SUPPLIED MATERIAL:
○ ○ ○ ○ ○ ○ ○

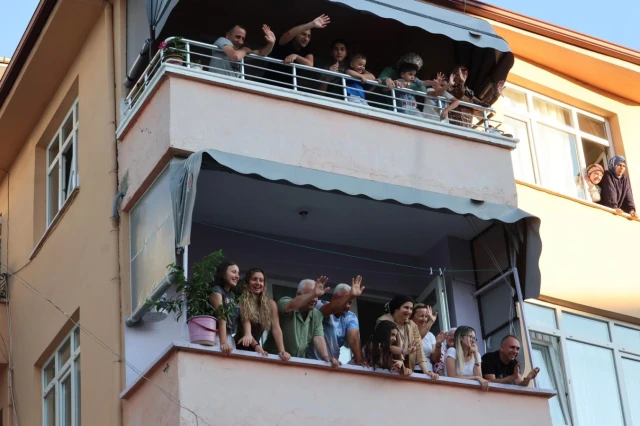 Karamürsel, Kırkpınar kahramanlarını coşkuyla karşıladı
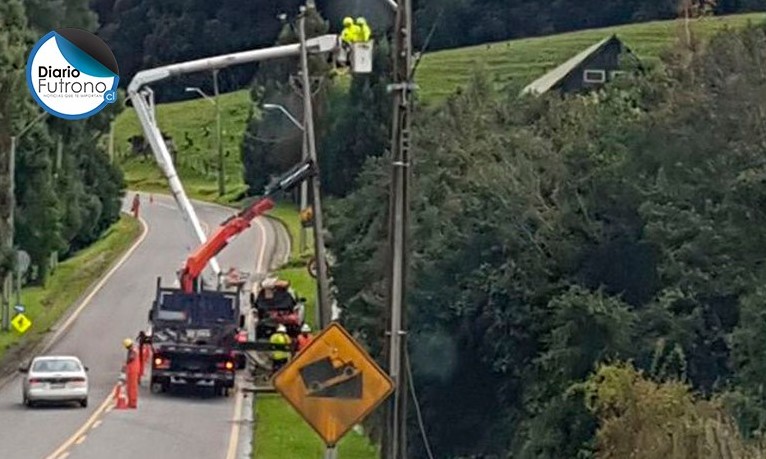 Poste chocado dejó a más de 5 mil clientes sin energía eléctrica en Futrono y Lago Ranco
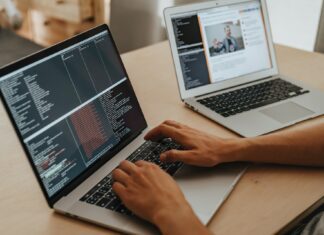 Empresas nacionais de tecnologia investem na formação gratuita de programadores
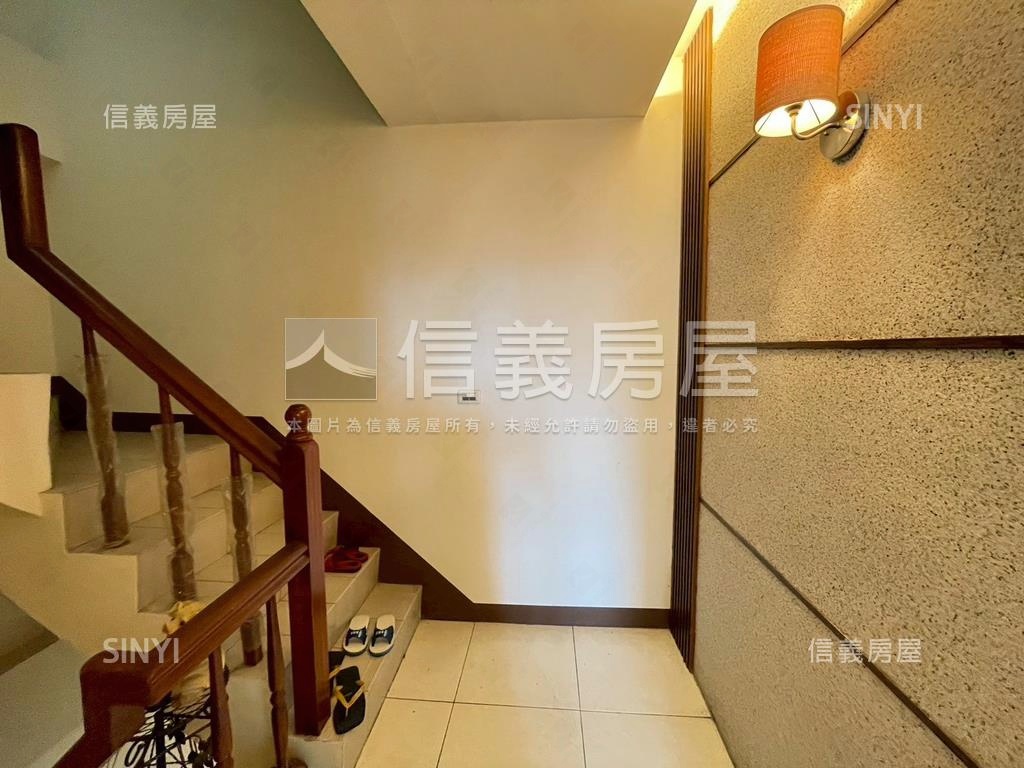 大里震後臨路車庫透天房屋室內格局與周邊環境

○ ○ ○ ○ ○ ○ ○

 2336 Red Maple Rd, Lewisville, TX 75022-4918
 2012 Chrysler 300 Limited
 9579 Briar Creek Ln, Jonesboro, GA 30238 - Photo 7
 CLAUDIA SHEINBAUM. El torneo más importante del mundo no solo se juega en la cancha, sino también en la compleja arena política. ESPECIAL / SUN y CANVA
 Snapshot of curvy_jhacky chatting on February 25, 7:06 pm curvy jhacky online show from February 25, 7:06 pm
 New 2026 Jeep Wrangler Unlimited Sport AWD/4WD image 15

○ ○ ○ ○ ○ ○ ○

WHAT THE EXERCISE ASKS: Given the records above, return the lines starting at the one that holds "Karamürsel, Kırkpınar kahramanlarını" and ending at the one that holds "大里震後臨路車庫透天房屋室內格局與周邊環境", exactly, and nothing besides; leave every picture out.

TASK RESPONSE:
 Karamürsel, Kırkpınar kahramanlarını coşkuyla karşıladı
 Poste chocado dejó a más de 5 mil clientes sin energía eléctrica en Futrono y Lago Ranco
 Empresas nacionais de tecnologia investem na formação gratuita de programadores
 大里震後臨路車庫透天房屋室內格局與周邊環境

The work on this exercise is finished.